Kein Grund, am Rad zu drehen:
Die TSG ist eine Runde weiter.

Wagner. Wer denkt da, wenn er diesen Namen hört, nicht sofort an Sandro? Vielleicht sogar David? Wir. Wir denken, gerade auch, wenn wir an das gestrige Spiel und die Kulisse denken, an Richard Wagner und sein Werk „Die Meistersinger von Nürnberg“.

Aber da sieht man mal, dass man den offensichtlichen Verführungen nicht trauen sollte, denn außer dem Titel passte, man möchte, will, nein: muss sagen: Fußballgott sei Dank, wenig aus dieser Oper, die 51 Jahre vor der TSG gegrün…uraufgeführt wurde, zum DFB-Pokalspiel gegen die Clubberer.

So dauert sie ca. 4 ½ Stunden, während das Spiel nach rund 1 ½ Stunden zu Ende war – und trotz phasenweise begeisternder Vorträge war man froh darüber, denn das Fußballspiel fand im Freien statt, während es in der Oper ums Freien geht.

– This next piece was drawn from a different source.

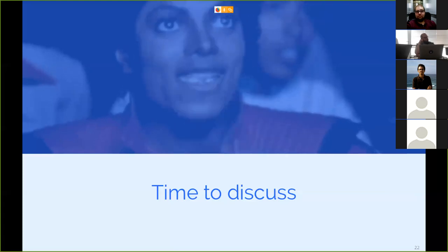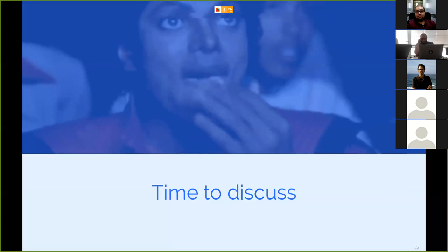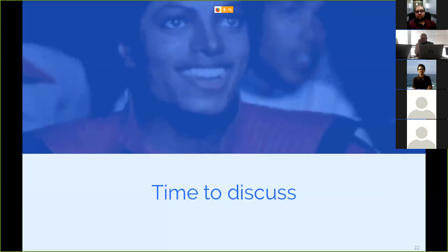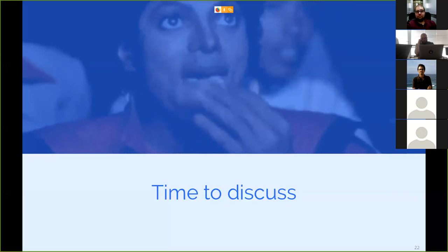No more questions. Thank you all, and goodbye.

Doch wir wollten mehr sein als der Sieger der Herzen – und das wurden wir auch. Walther von Stolzing reichte Ersteres, schließlich musste er das sein, um weiterzukommen.

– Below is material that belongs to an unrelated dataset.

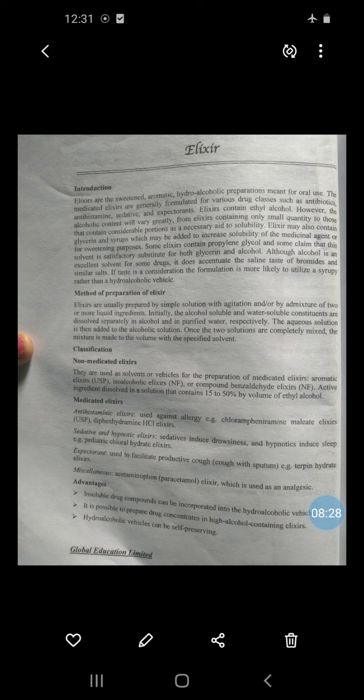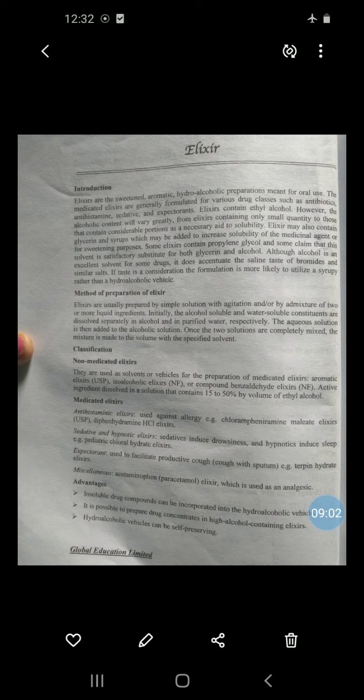Procedure: First, weigh the accurate quantity of piperazine citrate and dissolve it in a few parts of purified water with stirring. After dissolution, add orange oil, glycerin, syrup, and chloroform spirit into the above solution. If necessary, filter the solution. Then add sufficient quantity of purified water to produce the required volume of 20 ml.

Willkommen zum Bildungsblock:

Der reiche Goldschmied Veit Pogner verspricht seine Tochter Eva demjenigen, der bei einem Sängerwettbewerb der Meistersänger gewinnt. Eva hat ihr Herz aber bereits dem verarmten letzten Nachkommen seines Geschlechts, dem Ritter Walther von Stolzing geschenkt, die sich am Abend zuvor bei einem Besuch Walthers im Haus der Pogners kennengelernt und sofort Gefallen aneinander gefunden hatten.

„Bist du Single?“
„Ja.“
„Wollen wir …?“
„Ich würde gern, aber …“
„Aber?“
„Aber mein Alter hat da ganz andere Vorstellungen.“
„Hä? Wir leben doch im Jahre ….“

Nein, nicht 2024 – wir haben den Dialog aus Wagners eigener Feder nur freundlicherweise ins Neudeutsche übersetzt –, sondern eben die Reformationszeit (frühes 16. Jahrhundert)– und a) klang das so (also im Libretto) …

EVA
Gut Lenchen, ach, das meint er ja nicht.
Doch von mir wohl wünscht er Bericht.
Wie sag ich’s schnell? Versteh‘ ich’s doch kaum!
Mir ist, als wär‘ ich gar wie im Traum!-
Er frägt – ob ich schon Braut?

MAGDALENE (ihre Amme) – heftig erschrocken
Hilf Gott! Sprich nicht so laut!
Jetzt lass uns nach Hause gehn;
wenn uns die Leut‘ hier sehn!

WALTHER
Nicht eh’r, bis ich alles weiß!

[…]

MAGDALENE
Herr Ritter, was Ihr die Jungfer fragt,
das ist so leichtlich nicht gesagt;
fürwahr ist Evchen Pogner Braut.

EVA (lebhaft unterbrechend)
Doch hat noch keiner den Bräut’gam erschaut.

MAGDALENE
Den Bräut’gam wohl noch niemand kennt,
bis morgen ihn das Gericht ernennt,
das dem Meistersinger erteilt den Preis.

… b) hatten da Väter noch Einfluss auf die Gattenwahl der Tochter.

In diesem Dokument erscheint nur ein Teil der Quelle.